START Recorded data

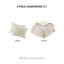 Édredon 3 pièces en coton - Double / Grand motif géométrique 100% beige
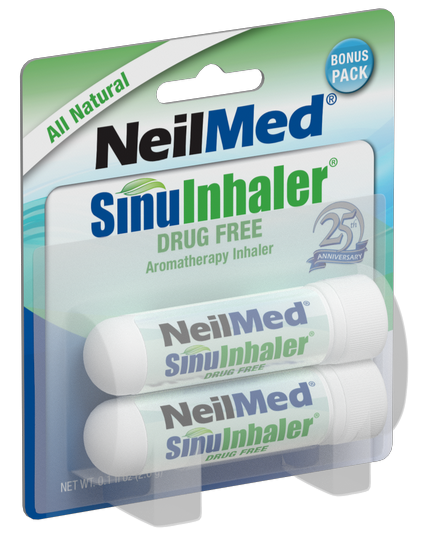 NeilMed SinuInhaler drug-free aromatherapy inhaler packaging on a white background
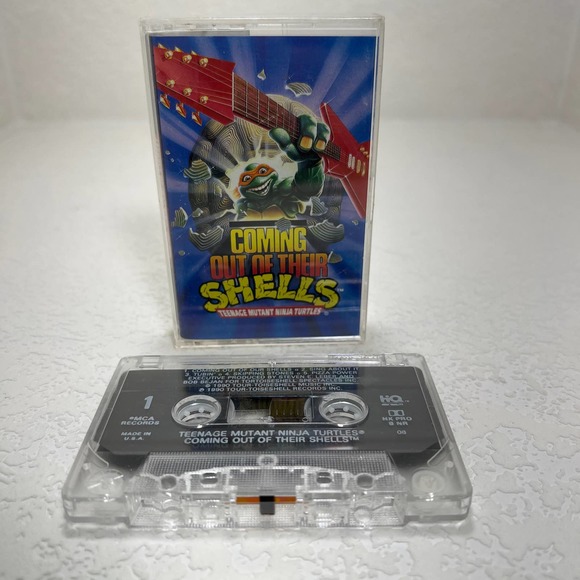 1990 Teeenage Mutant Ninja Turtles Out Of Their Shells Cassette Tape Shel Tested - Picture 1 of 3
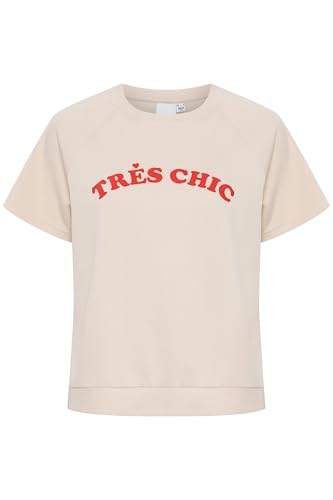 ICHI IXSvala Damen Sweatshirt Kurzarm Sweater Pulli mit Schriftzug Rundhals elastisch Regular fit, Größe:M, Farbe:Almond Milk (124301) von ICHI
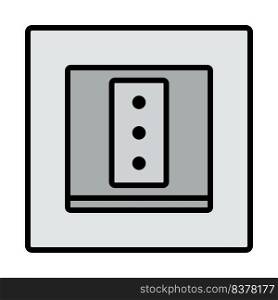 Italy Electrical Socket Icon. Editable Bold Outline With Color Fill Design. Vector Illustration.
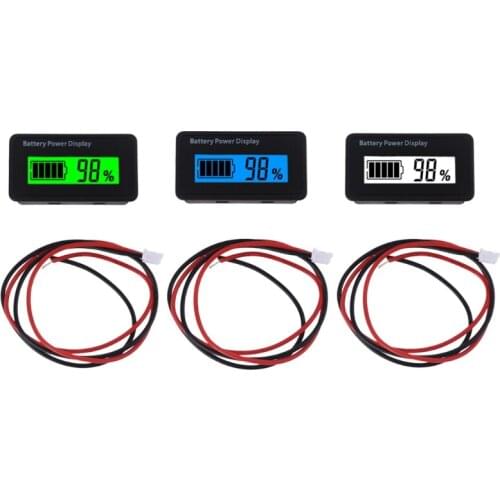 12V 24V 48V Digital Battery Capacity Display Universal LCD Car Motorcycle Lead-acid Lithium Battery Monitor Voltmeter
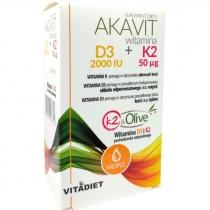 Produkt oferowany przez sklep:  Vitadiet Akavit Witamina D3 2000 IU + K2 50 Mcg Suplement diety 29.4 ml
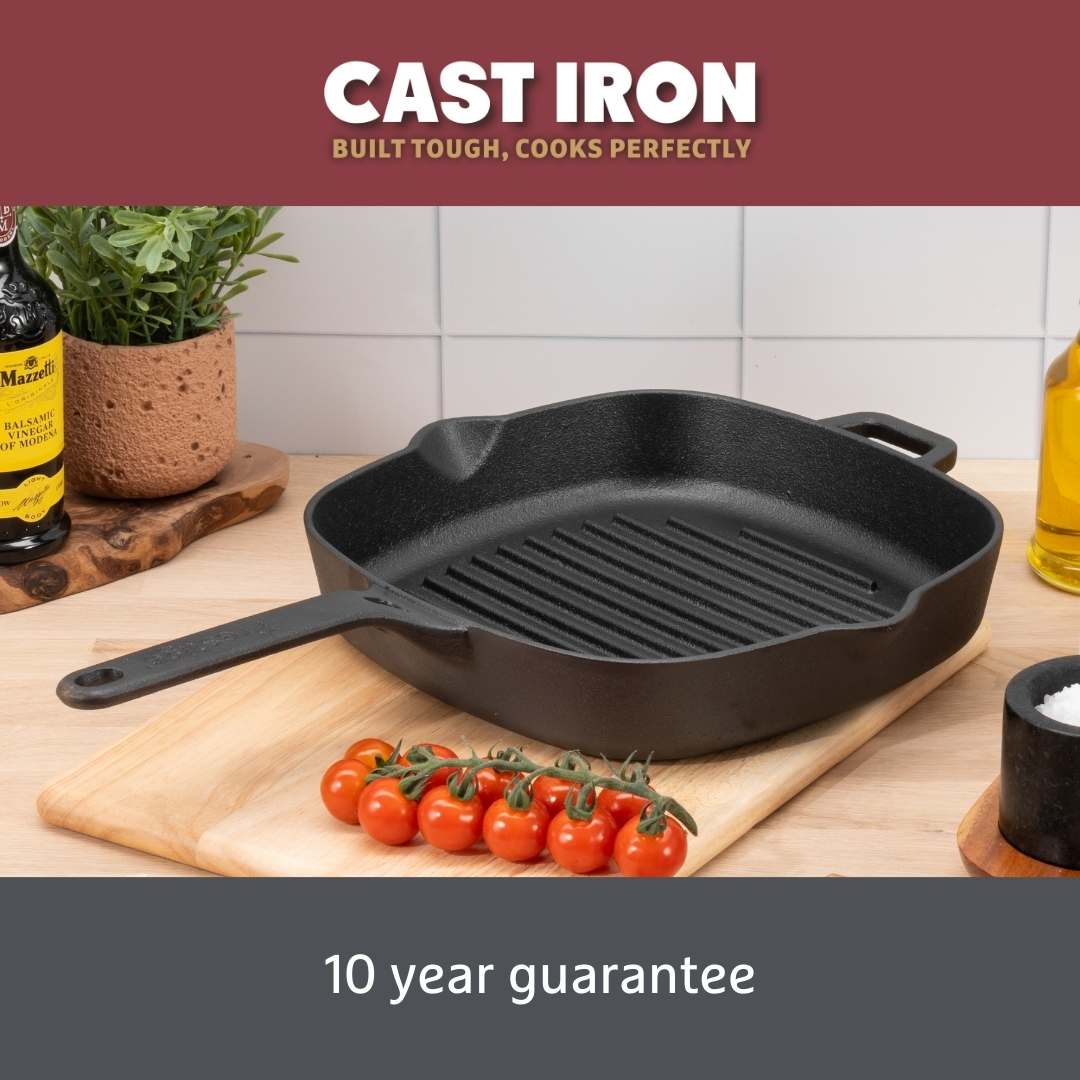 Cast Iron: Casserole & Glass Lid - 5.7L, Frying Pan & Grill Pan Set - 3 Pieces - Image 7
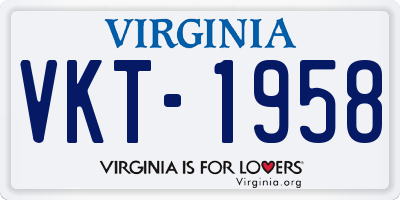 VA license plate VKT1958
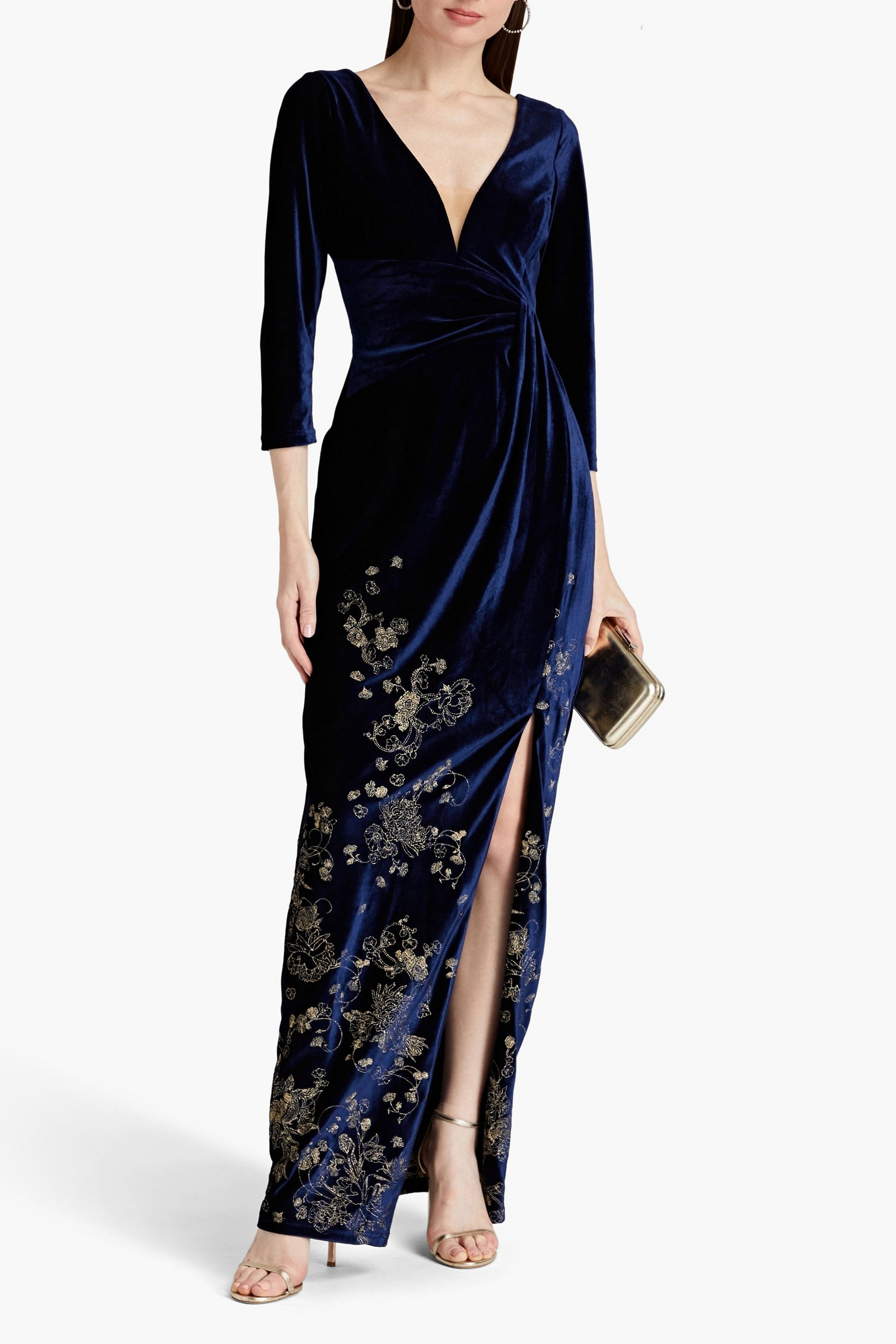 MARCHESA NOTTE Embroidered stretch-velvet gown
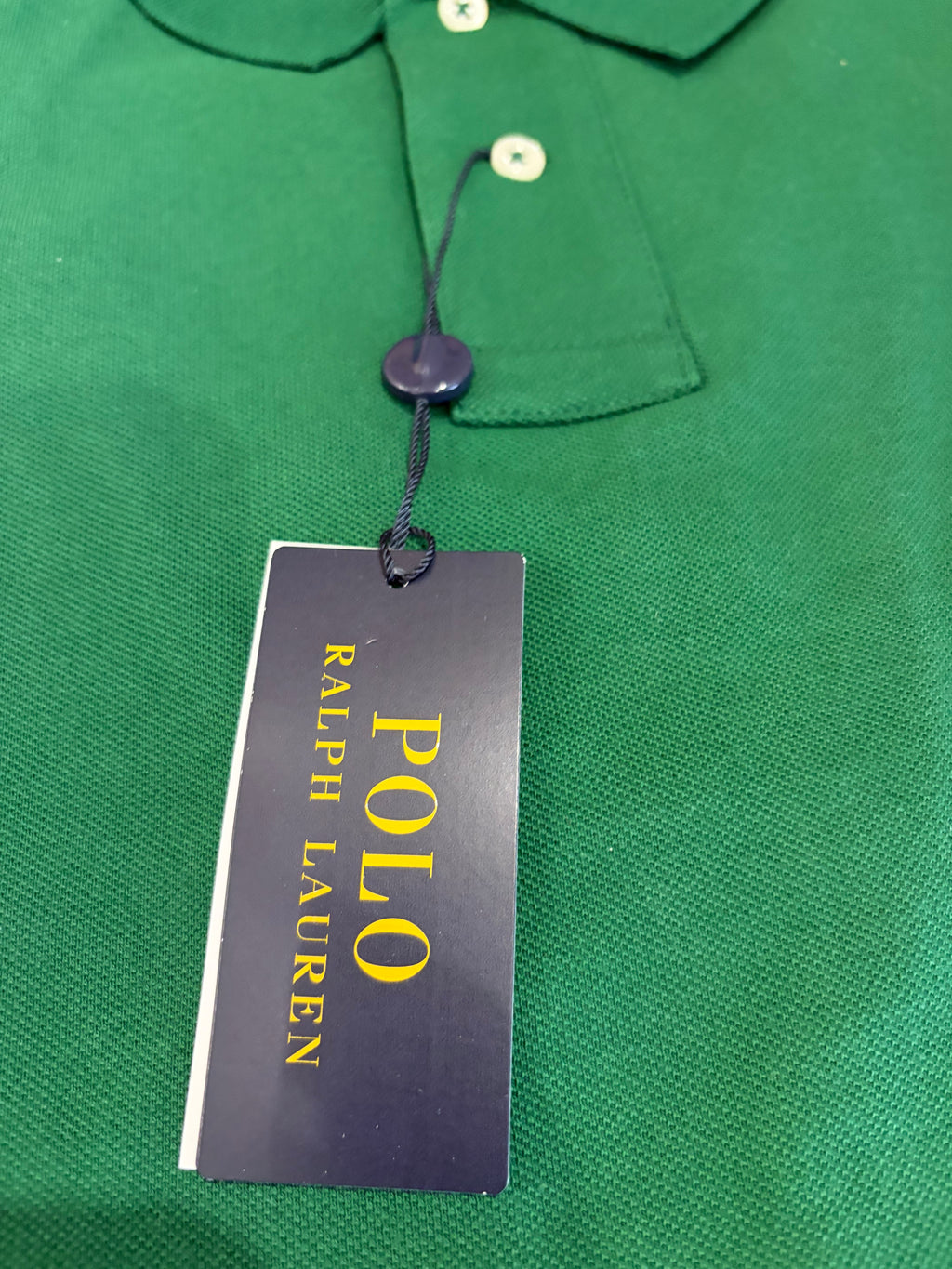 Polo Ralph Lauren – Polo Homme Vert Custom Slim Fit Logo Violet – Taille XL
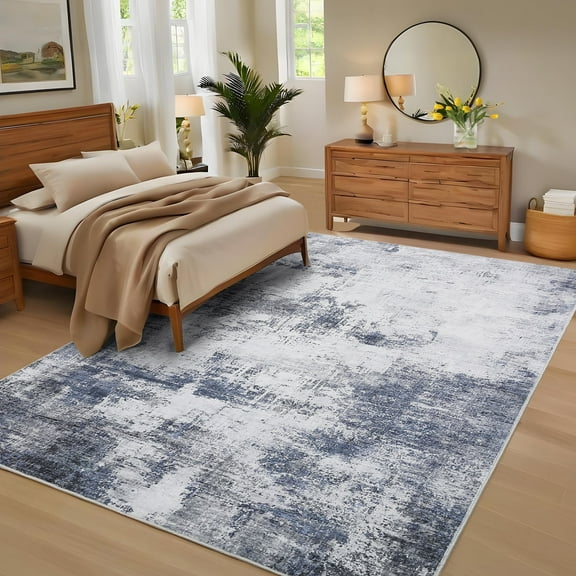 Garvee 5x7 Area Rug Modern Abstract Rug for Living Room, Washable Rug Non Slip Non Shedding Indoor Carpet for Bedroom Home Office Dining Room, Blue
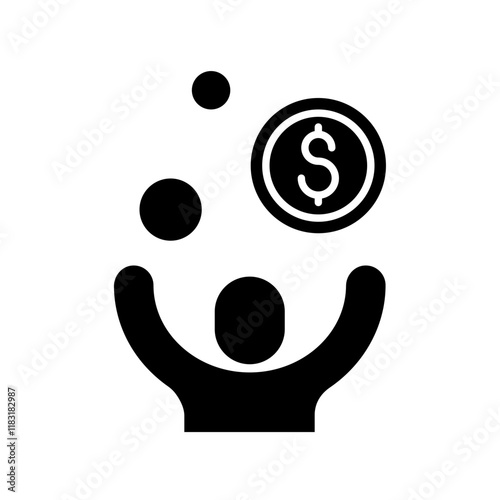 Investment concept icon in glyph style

END Recorded data

Problem: Word-for-word restatement: every line from the one with "VA license plate VKT1958" through the final line of the data, both ends included, pictures excluded.

Written answer:
 VA license plate VKT1958
 MARCHESA NOTTE Embroidered stretch-velvet gown
 Polo Ralph Lauren – Polo Homme Vert Custom Slim Fit Logo Violet – Taille XL
 Garvee 5x7 Area Rug Modern Abstract Rug for Living Room, Washable Rug Non Slip Non Shedding Indoor Carpet for Bedroom Home Office Dining Room, Blue
 Investment concept icon in glyph style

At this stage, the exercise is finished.